VERAPAMIL ENHANCES THE INHIBITORY EFFECT OF DICLOFENAC ON THE CHEMILUMINESCENCE OF HUMAN POLYMORPHONUCLEAR LEUKOCYTES AND CARRAGEENAN-INDUCED RATS PAW EDEMA

Diclofenac dose-dependently (1.25, 2.5 and 5 mg/kg, i.p.) inhibited the oedema produced by carrageenan in the rat's paw. This anti-inflammatory effect was enhanced by the co-administration of various doses (10, 20, and 30 mg/kg i.p.) of verapamil.
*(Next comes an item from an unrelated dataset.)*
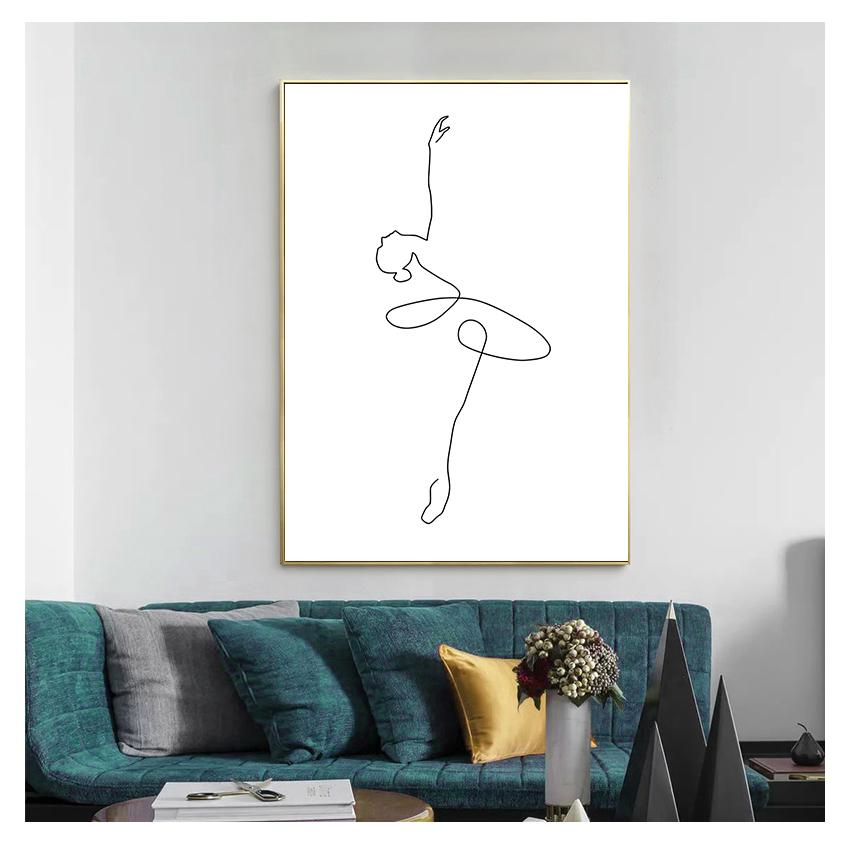Body Drawing Art Canvas Painting Black White Artwork Picture Dance Poster Girl Room Wall Decor Abstract Ballerina Print One Line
Diclofenac or the calcium channel blocker, verapamil, when added separately, inhibited the chemiluminescence (CL) response of isolated human polymorphonuclear leukocytes (PMNs) stimulated by either the soluble agent, phorbol myristate acetate, (PMA) or by particulate opsonized zymosan (OPZ) in a dose-dependent manner. When verapamil was combined with diclofenac, in vitro, the inhibitory effect on PMA or OPZ-induced CL response was synergistic. This inhibitory effect of either diclofenac or verapamil on the isolated PMNs was readily reversible when the PMNs were washed with phosphate buffered saline (PBS). Additionally, diclofenac or verapamil did not significantly affect the viability of PMNs. It is concluded that verapamil enhances the anti-inflammatory effect of diclofenac in vivo and potentiates its inhibitory effect on the CL of isolated human PMNs in vitro.